#### Data extract:
......

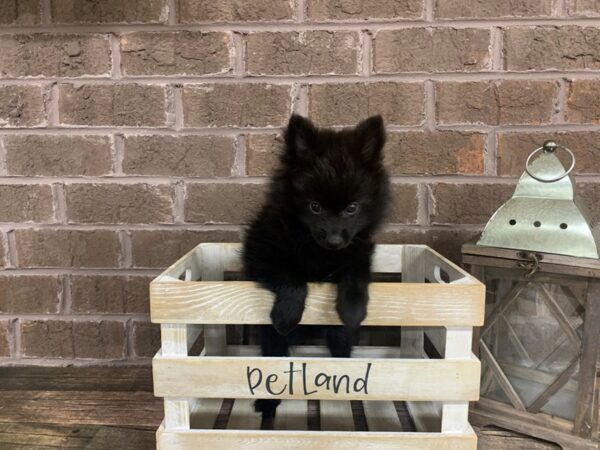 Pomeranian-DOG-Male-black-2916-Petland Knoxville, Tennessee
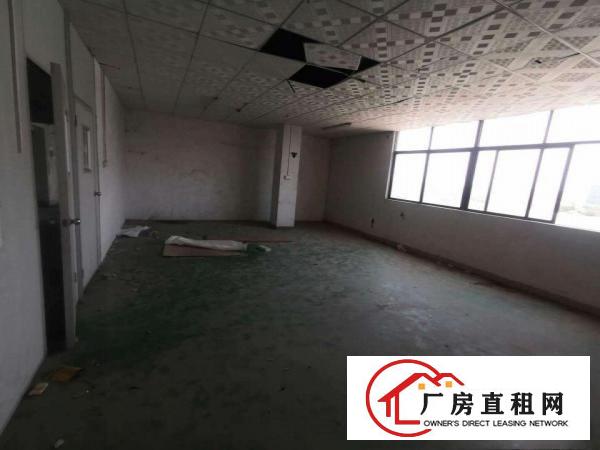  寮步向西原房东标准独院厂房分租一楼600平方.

......

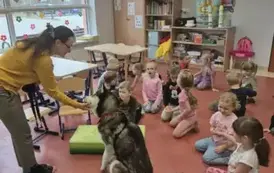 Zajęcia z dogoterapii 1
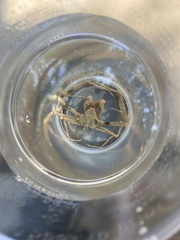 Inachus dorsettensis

......

#### Activity:
Copy out exactly the material that runs from the line with "Pomeranian-DOG-Male-black-2916-Petland Knoxville, Tennessee" to the line with "寮步向西原房东标准独院厂房分租一楼600平方.", ends included, and leave the pictures behind.

#### Answer for this exercise:
 Pomeranian-DOG-Male-black-2916-Petland Knoxville, Tennessee
  寮步向西原房东标准独院厂房分租一楼600平方.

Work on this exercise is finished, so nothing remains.